• [What to do] Make an exact copy of the listing, without images.

• [Collected data]
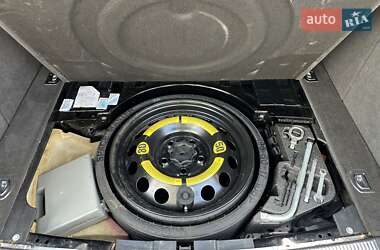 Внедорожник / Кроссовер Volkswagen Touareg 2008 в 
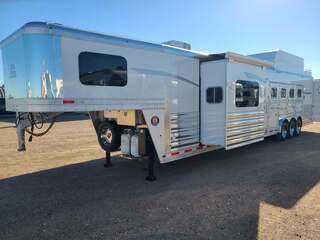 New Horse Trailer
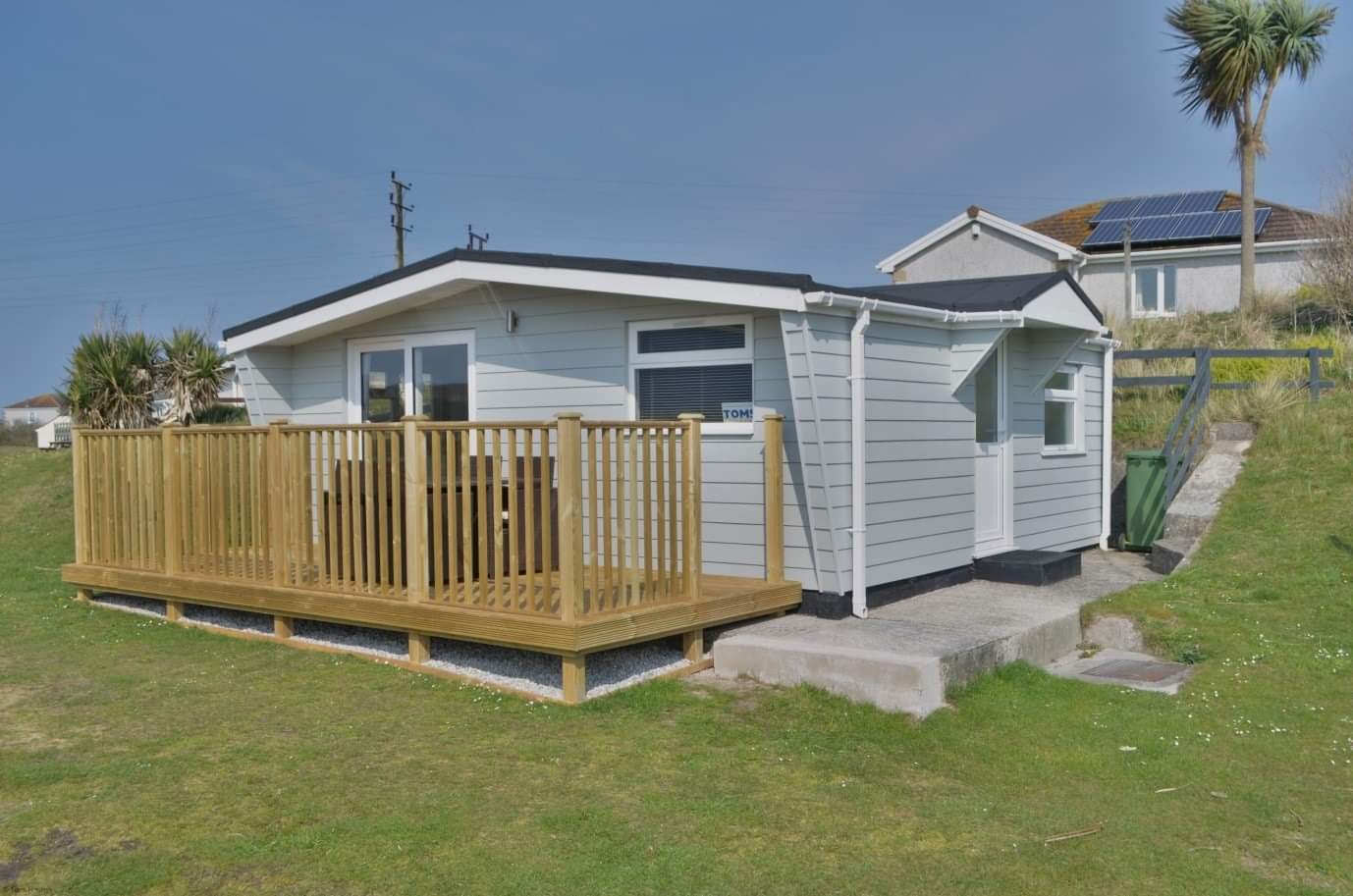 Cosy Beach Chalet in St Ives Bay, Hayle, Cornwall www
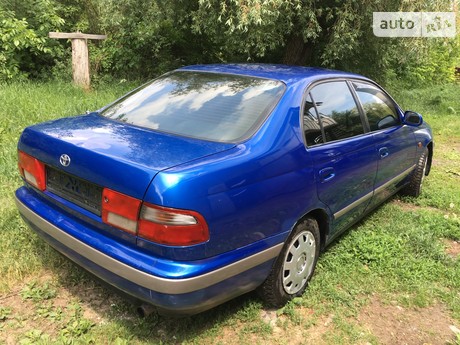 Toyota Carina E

• [Written answer]
 Внедорожник / Кроссовер Volkswagen Touareg 2008 в 
 New Horse Trailer
 Cosy Beach Chalet in St Ives Bay, Hayle, Cornwall www
 Toyota Carina E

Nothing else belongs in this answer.